EK:          How much time do you spend on a single piece?

VD:         When I talk to someone about art, they always ask me this question. Teodor Buzu, my friend and a renown painter currently living in Czech Republic always answers to this question in the following way: ‘my entire life; I paint it my entire life’. If you think about it, he is right. Even if you spend two hours on your work, you use your entire life experience until that moment. Every painting is an individual case. Some of them take only a few hours, others – weeks. For example when I was drawing the ballerinas, I had to do a lot of sketches beforehand. For the portrait to look real, a life model is necessary. I always work on more than one painting at once. I may leave some of them for a time and the process becomes longer. Therefore it is difficult to answer to your question.

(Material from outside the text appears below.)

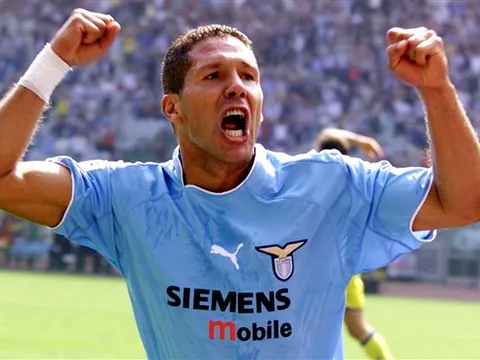 Đại diện tiết lộ khả năng Diego Simeone trở lại Lazio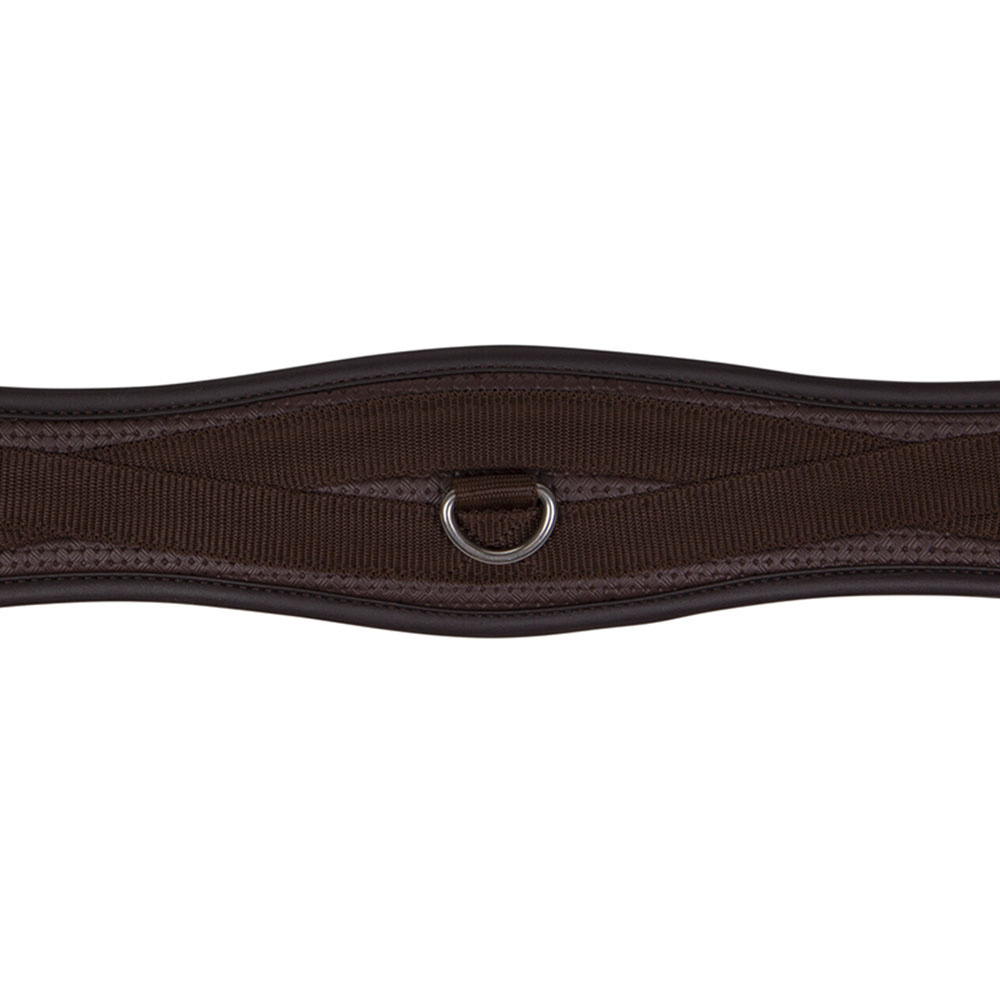 Anatomisk Sadelgjord Basic Pro Brun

EK:          Your parents and sister are doctors. What does your family think about the fact that you chose a completely different direction and chose to dedicate your life to the arts?

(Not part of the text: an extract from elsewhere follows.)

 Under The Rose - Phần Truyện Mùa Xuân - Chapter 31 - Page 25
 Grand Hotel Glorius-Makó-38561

VD:         I am very lucky. They always cared for me and I feel a lot of support from them, and I appreciate it. There wasn’t one exhibition without their participation. They are the first to see my works. I value their opinion and listen to it. I understand that there can be no one closer than family.


EK:          What are your plans for the near future?

VD:         I like to talk about things that already happened more than about plans. I will only say that I am planning some events that will happen very soon, one of which is an exhibition in London. I will leave the details for the next interview.